Just prior to the abrupt shift, the meltwater along the southern margin of the North American ice sheet was drained by the Missouri and Ohio rivers and delivered to the Mississippi River for final passage to the Gulf of Mexico. There it mixed with warmer and saltier water, eventually making its way into the open Atlantic Ocean, where it was stirred into the general circulation pattern of the Atlantic current system. But by about 12,800 years ago, the front of the North American ice sheet had melted back to a point where the meltwater found a new and shorter pathway to the sea—the topographic lowlands that would suddenly become the St. Lawrence River Valley. Large volumes of cold meltwater no longer went the Mississippi way, but instead coursed northeastward, past the Gaspé Peninsula and into the Atlantic Ocean. There it interjected itself into the slow northward drift of the Gulf Stream, inserting a cold, fresh barrier into this warm surface current, and interrupting the delivery of heat to the far North Atlantic. A big chill fell over the region, and people living farther to the north must have wondered what happened for the heat to be turned off so abruptly.

This cold period, which chilled Iceland, Greenland, and Western Europe for more than a millennium, has been called the Younger Dryas, because in the regions affected by the sudden chill, a cold-climate flower, the Dryas, was reestablished. It had grown previously in the regions a few thousand years earlier, when these latitudes were emerging from the last glacial maximum. The end of this thousand-year cold wave came when the meltwater was reduced to a volume inadequate to maintain a thermal barrier to the Gulf Stream, which then resumed its delivery of heat to the far north, accompanied by a substantial warming of Iceland and Western Europe.27

WHAT CAUSES AN ICE AGE?

Why do ice ages come and go? What factors lead to a periodic accumulation of thick ice on the continents? These questions are more difficult to answer than simply assembling the evidence that shows that ice ages have occurred. Because continental glaciations are relatively rare occurrences in the geological record, we know that the conditions producing ice ages do not occur very often. The previous occurrence of widespread glaciation (prior to the multiple ice advances of the past three million years) was in Gondwanaland during the late Paleozoic, about 275 to 300 million years ago.

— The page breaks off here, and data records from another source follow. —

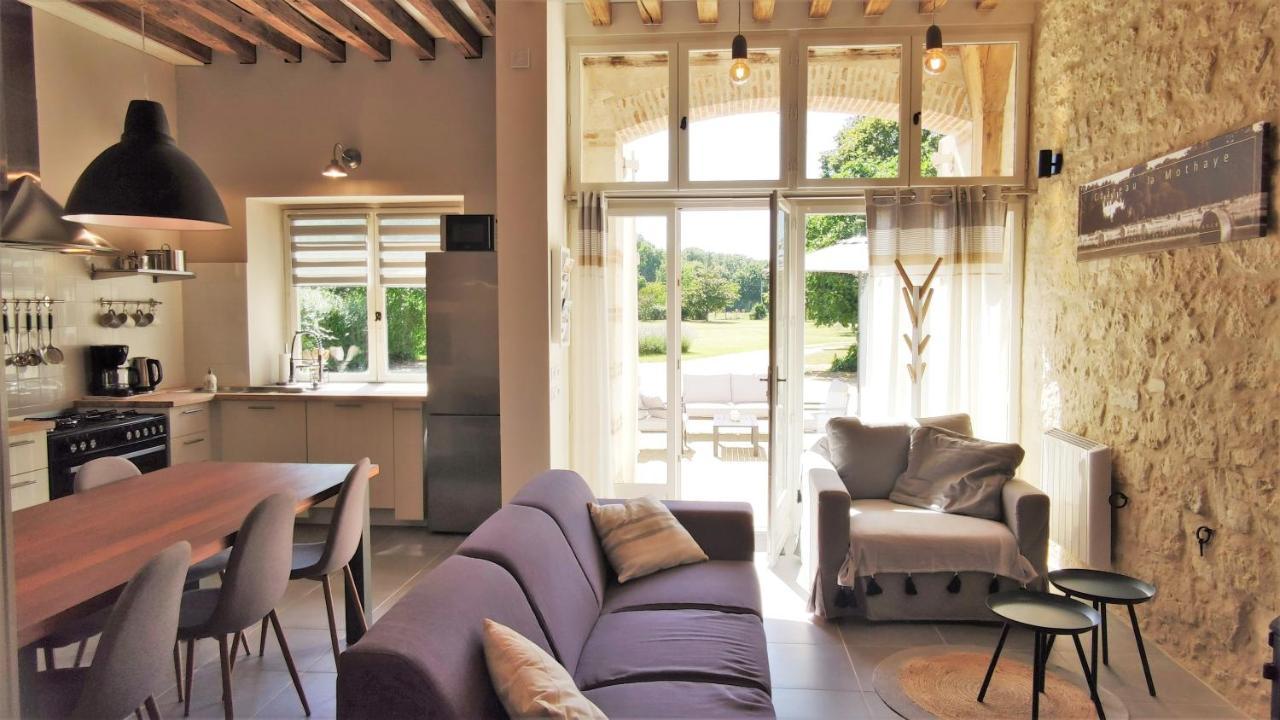 Chateau La Mothaye - Self Catering Apartments With Pool In The Loire Valley Les Bois-d'Anjou Экстерьер фото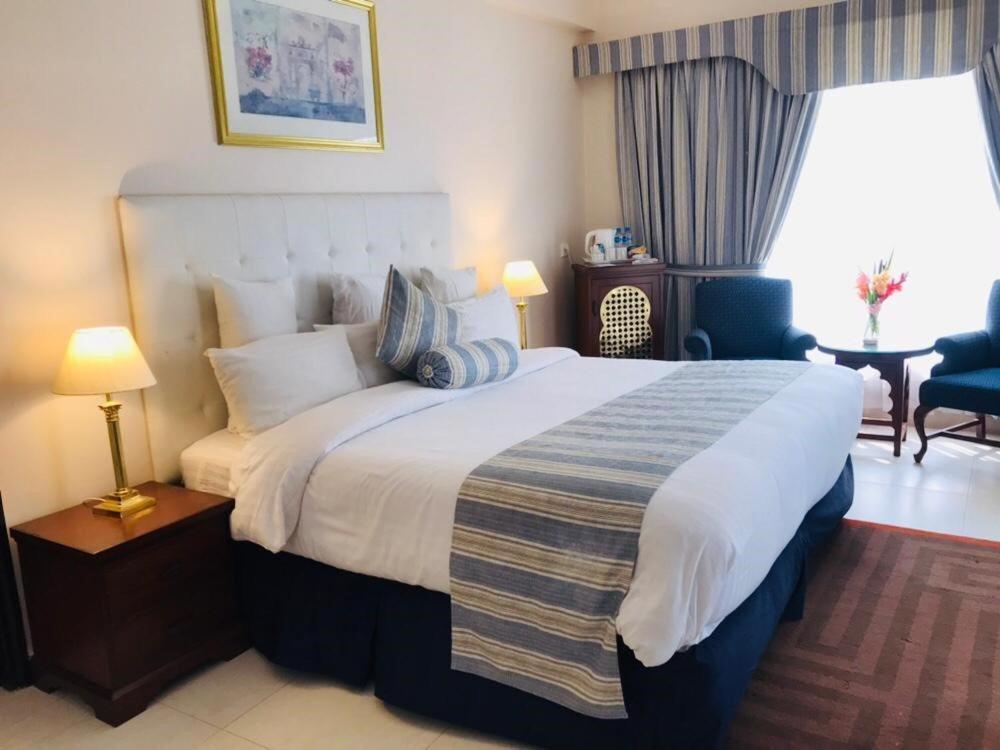 Beach Luxury Hotel カラチ エクステリア 写真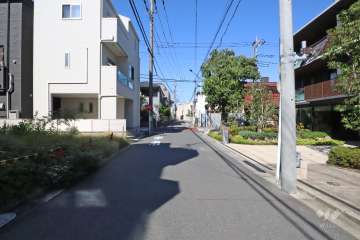 敷地西側の前面道路(南側から)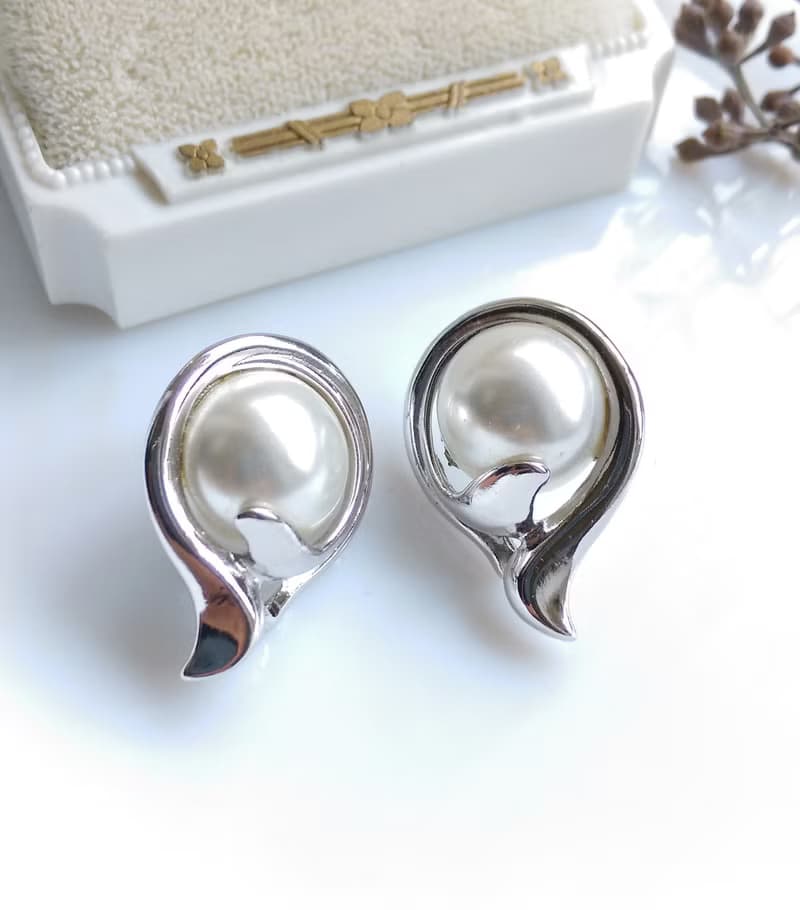 Vintage Jewelry 西洋古董飾品 銀色調 優雅仿珠 針式耳環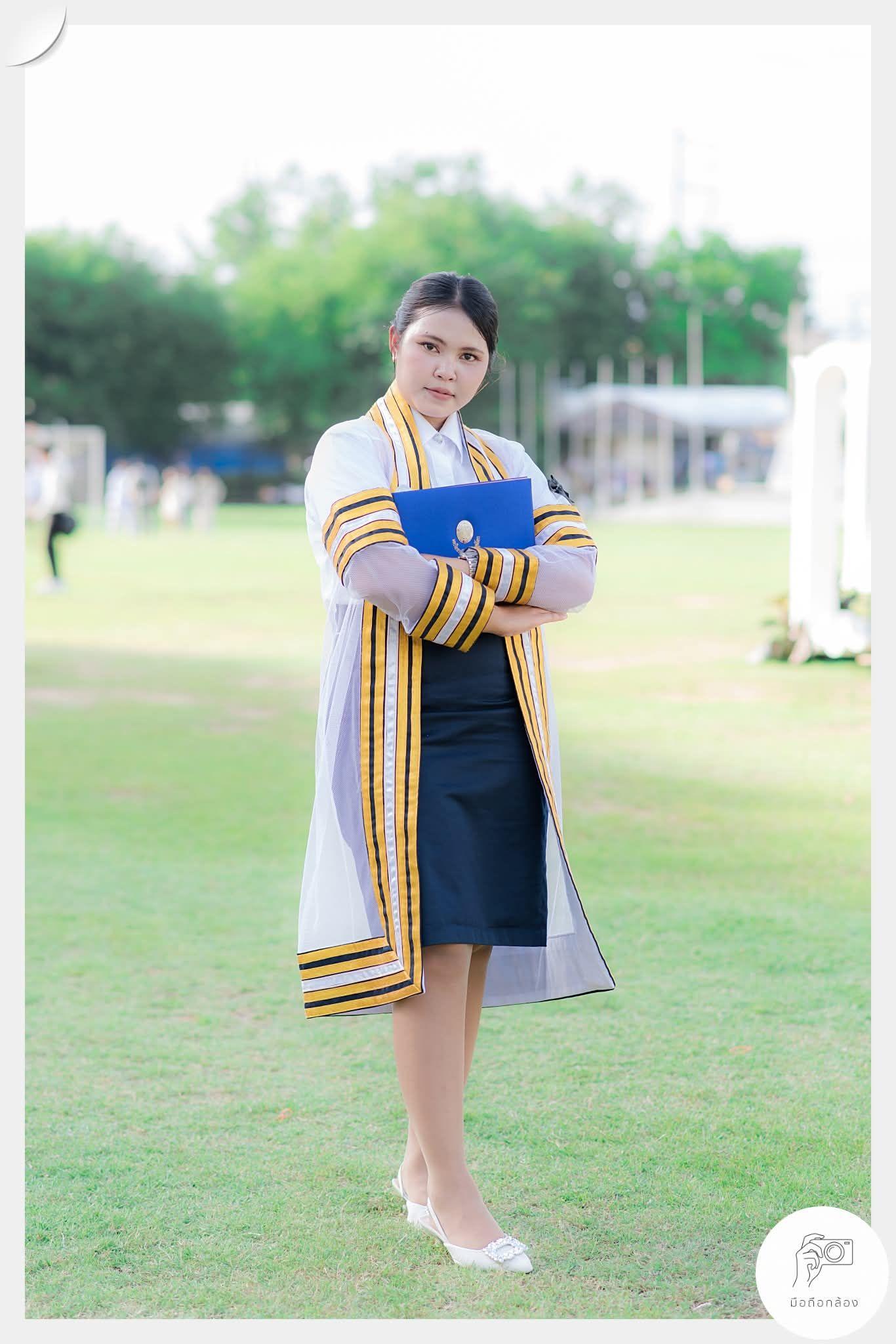 ผลงานรับปริญญา มหาวิทยาลัยราชภัฏสวนสุนันทา โดย มือถือกล้อง ภาพที่ 12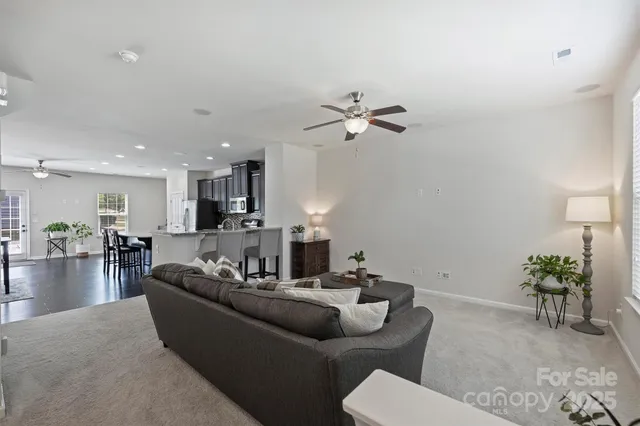 $435,000 | 3327 Major Samuals Way, Charlotte, NC 28208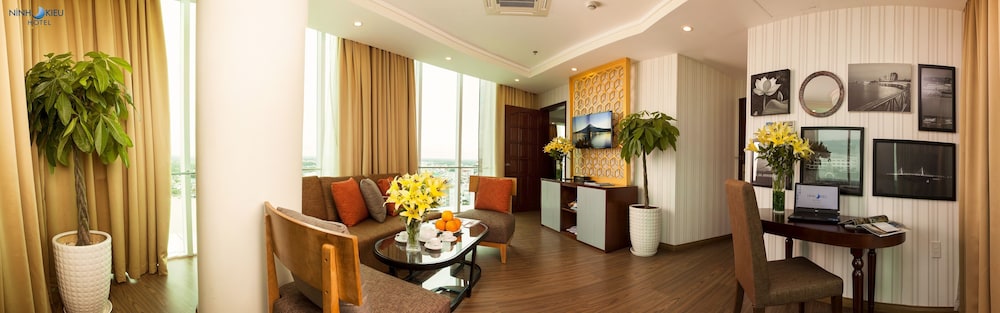 Ninh Kieu Riverside Hotel 57/70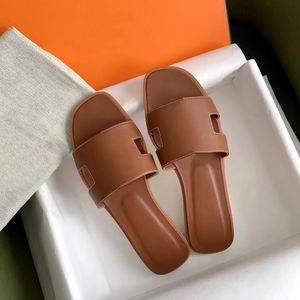 Designers de luxe Slide 2024 Nouvelle pantoufle Taille 35-46 Fashion Casual Chores plage plage Sliders Sandale en cuir femme Piscine d'été Voyage Lady Man Man Sandale Mule avec la boîte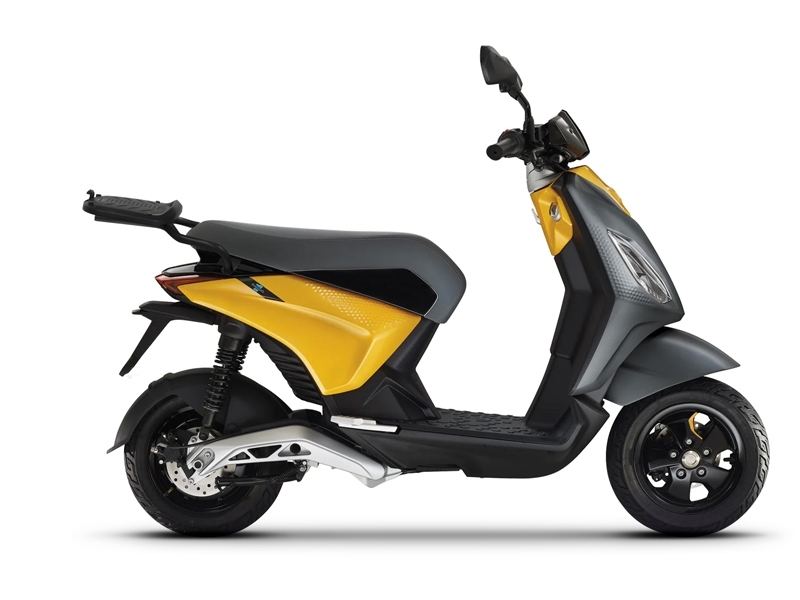 Монтажен комплект за куфари SHAD TOP MASTER PIAGGIO ONE ELECTRICA '22 — снимка 3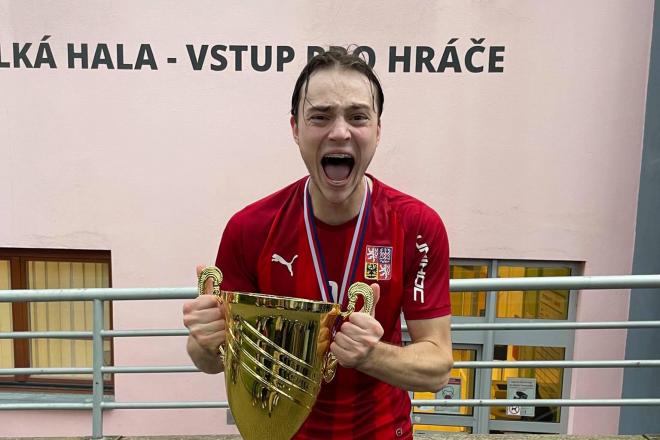 Adam Hemerka s pohárem pro mistry světa ve florbale juniorů 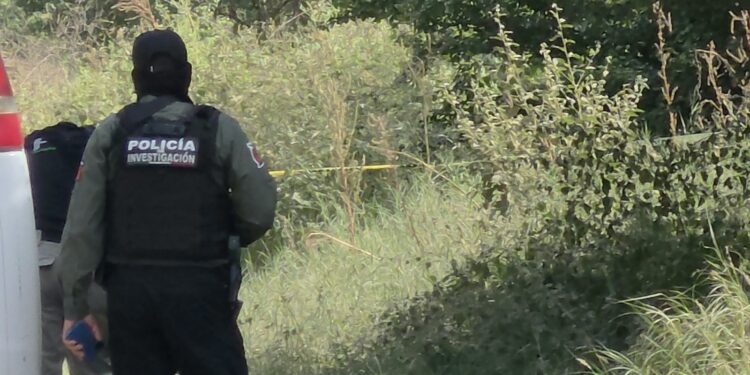 Localizan a hombre decapitado junto al río Culiacán; buscan la cabeza entre la maleza
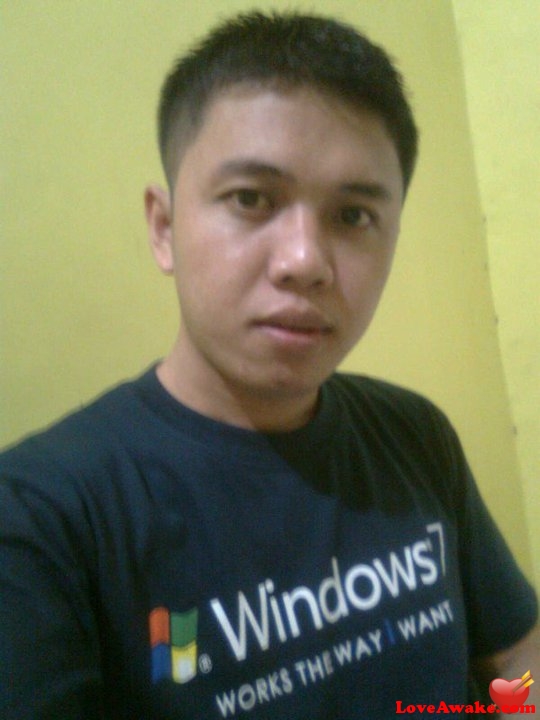 hakie Filipina Man from Manila
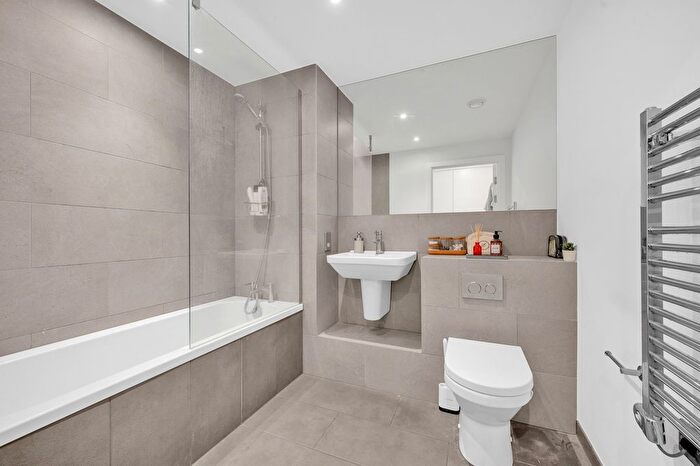 1 Bedroom Flat For Sale In Hawthorne Crescent, London, SE10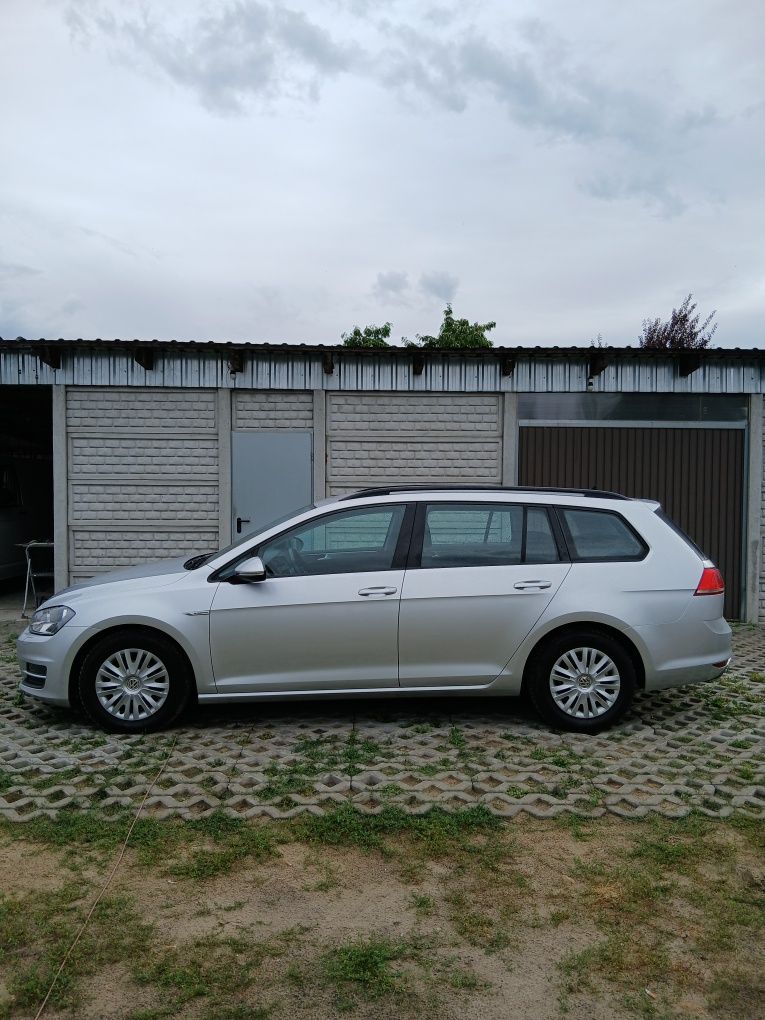 Vw golf 7 1.6tdi kombi bluemotion 6 biegów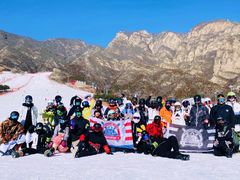 -石京龙滑雪场-停车场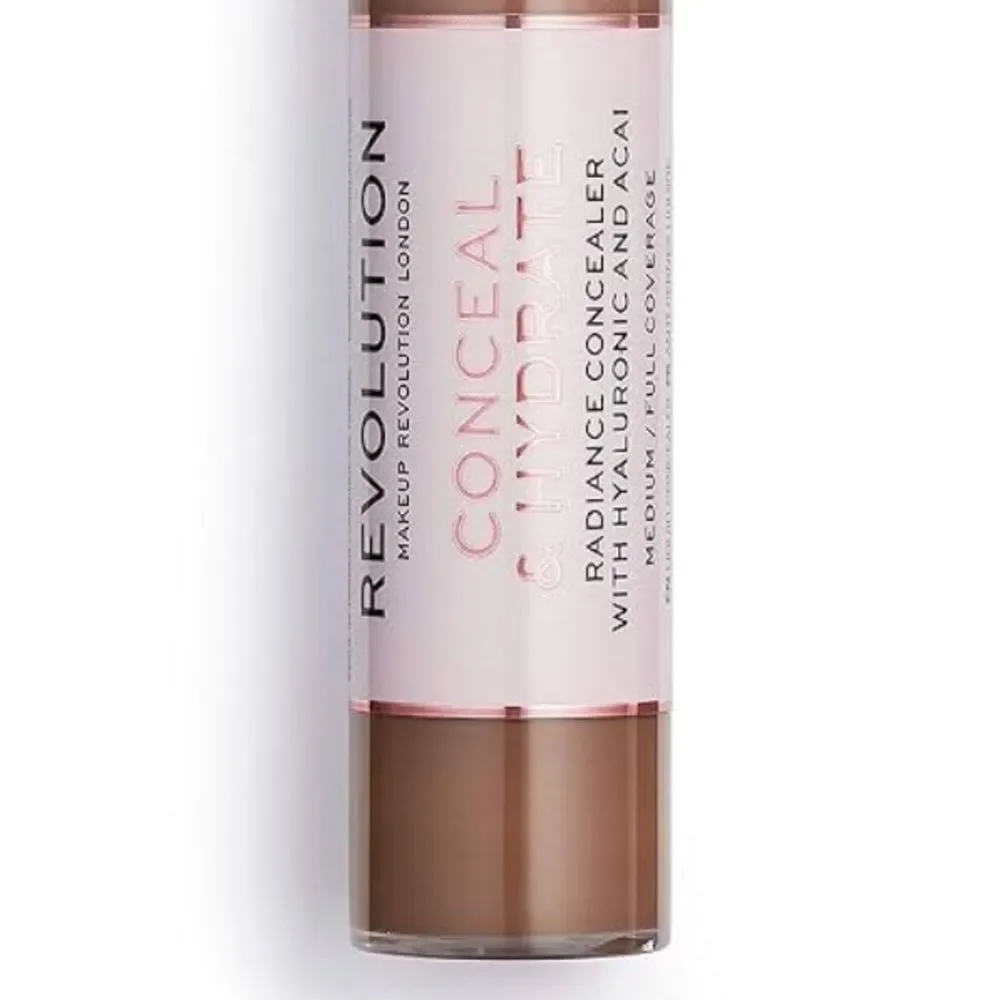Revolution concealers hyaluronic açai medium/full coverage C 14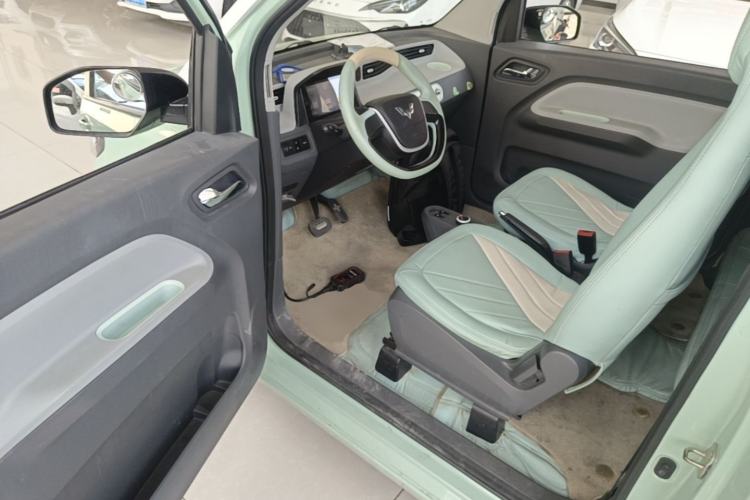 Used Wuling Hongguang MINIEV 2021 Macaron Sandwich Model 170 km Lithium Iron Phosphate Driver Seat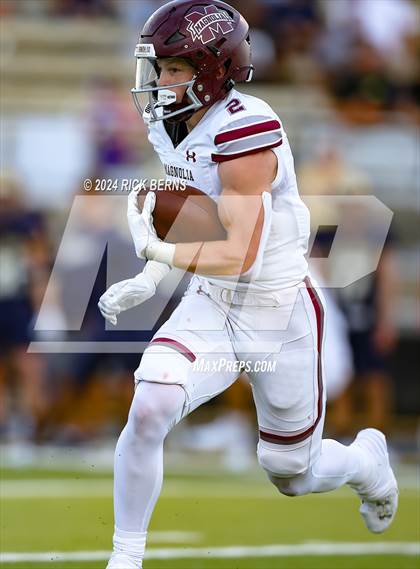 Thumbnail 2 in Lake Creek vs Magnolia photogallery.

Some generalities, however, can be garnered from the geologic record. One obvious factor that plays an important role in glaciations is the location of landmasses on the globe. Land that is situated at high latitudes, where it is colder, is a more probable setting for snow and ice accumulation. Today Antarctica lies entirely within the Antarctic Circle, and much of Greenland lies north of the Arctic Circle. Conversely, where there is only open ocean at high latitudes, as with the present-day Arctic Ocean that surrounds the North Pole, there will be no thick accumulations of ice on the sea surface. Sea ice, of course, does form over the Arctic Ocean, but it is a thin and fleeting cover, with marked seasonal variations in extent, and a lifetime measured in years or perhaps decades. By contrast, accumulated land ice can survive hundreds of thousands of years. The oldest ice in Antarctica is about eight hundred thousand years old,28 and in Greenland, a little more than one hundred thousand years old.29 Other factors, such as changes in the patterns of atmospheric and oceanic circulation, play a role in making Earth susceptible to ice accumulation in the high latitudes. One such event (discussed in chapter 1) was the climatologic isolation of Antarctica brought about by the opening of the Drake Passage.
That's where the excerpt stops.